Допускают гипотезу обмана чаще всего только потому, что она проста, и к обстановке спиритизма совершенно подходит, не требует натяжек, словом, естественна.
Спириты приводят два возражения против гипотезы обмана. Это – личный опыт и существование медиумов, которые за сеансы денег не берут. О личных опытах много писано. Есть показания совершенно достоверные, но тогда много – что столы двигались, да слышны стуки, а это за спиритизм не говорит, ведь каждый может то же сделать; другое же подходит под шестую гипотезу, о которой дальше. Что же касается до вольнопрактикующих медиумов, то вспомните только лиц, каждому из вас известных, которые любят лечить, с апломбом спорят подчас с медиками; есть истинные любители лганья, есть ведь и такие, которые если чему-нибудь поверили, так поверят уж нацело, всей натурой, так отчего же не стать и медиумом? А главное то: разве не лестно быть посредником между сим и тем миром? Читайте, кроме того, Диксона – он умеет все это рассказать. В его сочинении «Духовные жены» дело спиритизма и тому подобных суеверий написано в образах. Тут они-то и нужны, в них виднее правдивость доказательств, будто бы отвергающих гипотезу обмана.

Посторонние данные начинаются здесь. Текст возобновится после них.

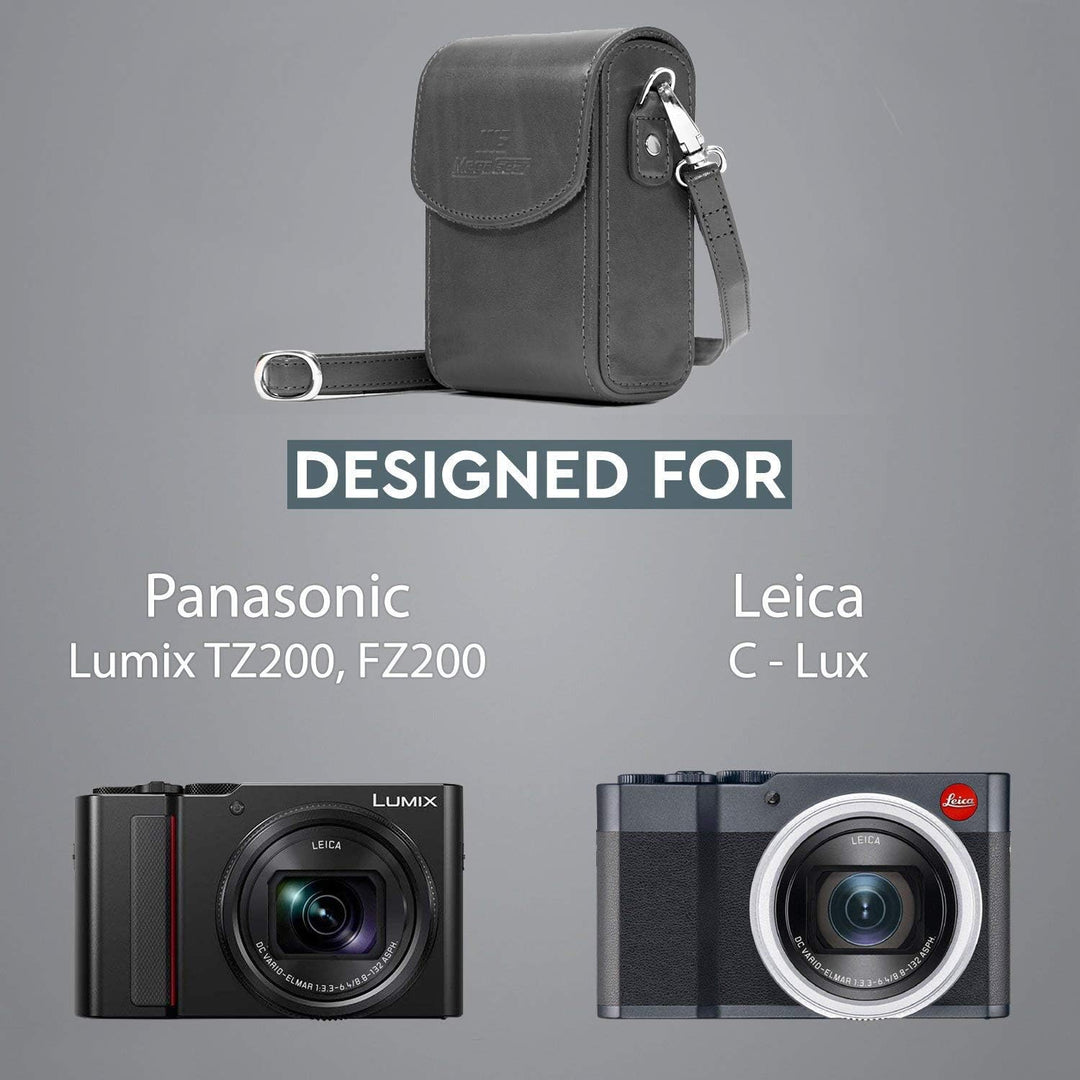 MegaGear MG1433 Panasonic Lumix DC-ZS200, TZ200, Leica C-Lux Leder Kameratasche mit Trageriemen, Gra
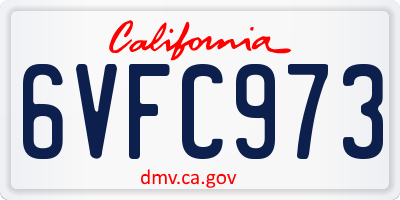 CA license plate 6VFC973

Как бы для противовеса двум общим доказательствам, часто приводимым спиритами противу гипотезы обмана, можно привести для ее подтверждения два общих соображения. Во-первых, замечательна безвредность медиумических опытов для испытывающих медиумическую силу, для зрителей. Исследование незнаемых сил природы, а тем паче производимое людьми малосведущими, весьма часто приводило к неудобствам, несчастьям и т. п. Ведь силы природы лишены людской деликатности, осторожности: медикам часто достается терпеть от больных, сколько знаменитых химиков – об одном глазе, сколько пострадало и сильнее. От громовых искр, от взрывов при опытах – погибло немало жертв науки. На представлениях фокусников этого не бывает. Не слышно этого и про медиумические сеансы. А дело здесь, говорят, идет о духах. Они вдруг оказываются такими же деликатными, как и живые люди; они как будто боятся привлечь суд, публику, полицию. В самом деле, на медиумических сеансах дело делается прилично, осторожно. Вынут платок, дернут его, возьмут кольцо и возвратят, материя, говорят, творится – дарят ее, но не пропадает, не рвется; слышны удары, но не очень громкие, а когда в сеансе дамы, тогда не гадают о числе прожитых лет. Да и совершается-то все на сеансах ожидаемое, редко бывают сюрпризы. Не таковы неведомые силы природы, они не деликатничают с дамой, действуют нежданно.
Другим общим соображением, подтверждающим тождество медиумов с фокусниками, служит специальность медиумов. Там и тут нужно определенное лицо, знающее нечто в совершенстве. У иного медиума дело делается пред занавеской, и из-за нее вылетает колокольчик, у других этого не выходит, а для убеждения в правдивости требуется темнота и связывание, третьи искусились над подбрасыванием столов незаметным образом, четвертые умеют незаметно брызгать слюнями. Точь в точь, как иные фокусники показывают опыты с картами и голубями, другие с монетами и шляпами и т. д. Да не будет это сравнение в обиду господ фокусников. Они, впрочем, поняли, что спиритические медиумы их соперники, могущие с гипотезою о духах отвлекать от истинных, честных фокусников их зрителей, и потому всюду ведут открытую войну с медиумами, сами показывают все, что выделывают медиумы. У иных, например, отлично столы подбрасываются, просто летают неведомо как. Но, кажется, что фокусники не дошли еще до всего, – и это их сердит.9
Очень характерно, что одна дама, забыл только имя, – слышал в Англии, – сперва показывала фокусы, а потом стала медиумом. Спириты не только ей верят, они даже говорят по этому поводу, что есть много фокусников, которые все делают медиумическими силами, только это скрывают, зная всеобщее предубеждение против медиумизма.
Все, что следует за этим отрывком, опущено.